Sarah's Educational Philosophy

As an arts educator, I've had the privilege of working with all age groups, but my philosophy remains the same:

  1. Culture is key

  2. Maintain to retain

  3. Truth transcends performance

I do not simply teach. Rather, I encourage young artists to find their individual, creative voices within a joyful, ambitious, and authentic environment to ultimately create a thriving culture of artistic excellence. I find that students are most successful when they are joyfully engaged in all elements of their learning, are ambitiously challenged with repertoire, and are vulnerably authentic and present, both in performance and within their artistic community. Furthermore, I strive to build a culture that promotes empathy and diversity by celebrating each student’s unique qualities, by exposing students to a wide variety of cultures, composers, genres, and history in repertoire, and by offering a multitude of performance and networking experiences.

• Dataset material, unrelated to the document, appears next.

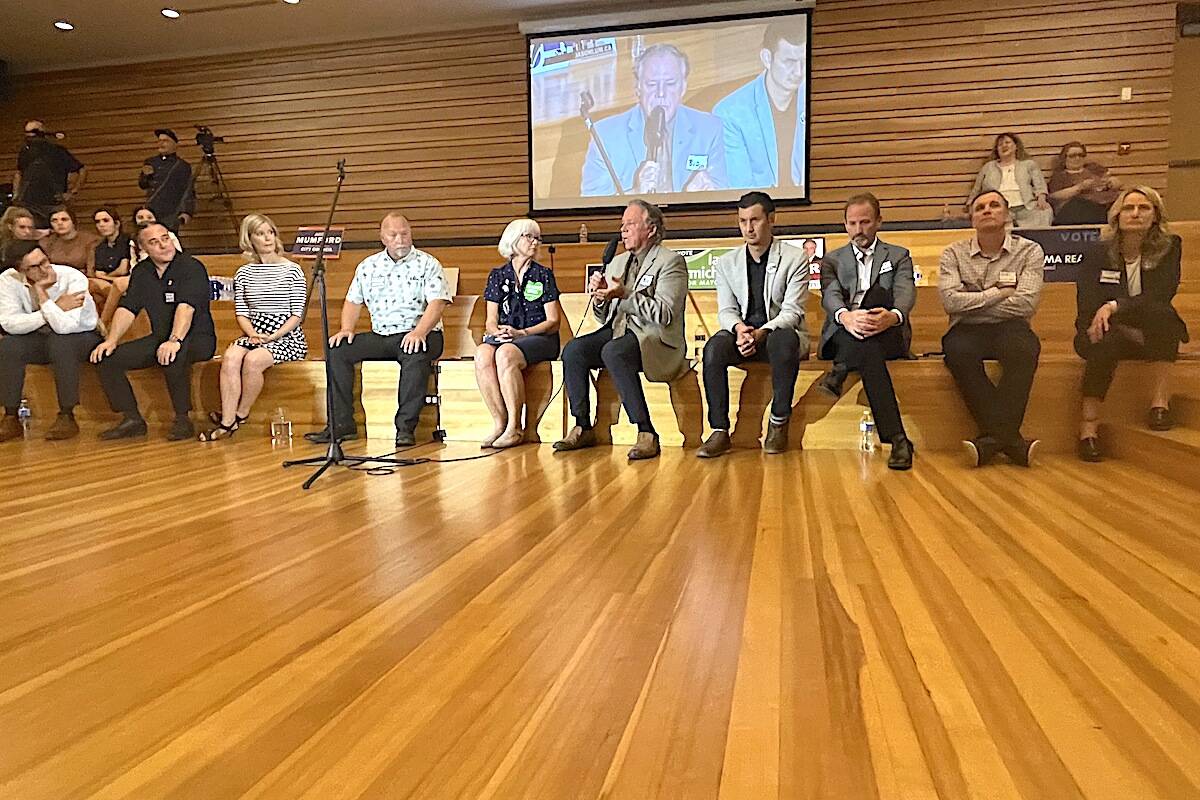 Ten of the 12 Chilliwack city council candidates at Chilliwack Civic Town Hall in the Aboriginal Gathering Place at UFV Chilliwack on Oct. 3, 2022. (Jennifer Feinberg/ Chilliwack Progress)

I believe this artistic culture will impart the ability to form and sustain positive relationships, which will be an invaluable life skill regardless of the career path the student chooses.

In order to retain quality performance skills long term, artists must learn to balance and maintain mental, physical, and vocal health. To me, mindset is the most important of these, and I teach all students to be present and to center themselves before singing a single note. This practice includes meditation, focused breathing, and mindfulness exercises. Additionally, repertoire is never sung until the circumstance of the piece has been mentally analyzed, visualized, and read through like a script. For vocal health, I educate students about their vocal mechanism and demonstrate vocal and physical concepts first hand. Each student learns techniques to warm-up the voice, to practice vocalizes for agility, articulation, intonation, overall vocal quality, and tone, and also learns tools to utilize while practicing repertoire to ensure consistent vocal efficiency and quality throughout their songs. Moreover, I impress the importance of taking care of oneself by obtaining the appropriate amount of rest, eating well, preventing illness, and being physically active and fit for ideal performance agility and overall physical health. When maintained regularly, a singer has the capability to retain their performance abilities for life.

The most rewarding element to my method of education involves encouraging students to be their most vulnerable, genuine selves through the expression of song. Through guided song analysis and self reflection, students create personal ties to circumstance, sincere communication to whom they are singing, and authentic, physical representation of their true, present feelings. The artist’s visceral connection to the circumstance manifests true emotions in performance, and thus, allows their audience a raw, intimate, and potentially moving experience as well. In my opinion, it is this truthful expression that transcends ordinary performance.

Ultimately, my goal is to develop each artist into an authentic and expressive individual who will continue to pursue artistic and personal growth through their own self-guidance long after they’ve ended their learning journey with me.

"The role of a creative leader is not to have all the ideas; it’s to create a culture where everyone can have ideas and feel that they’re valued."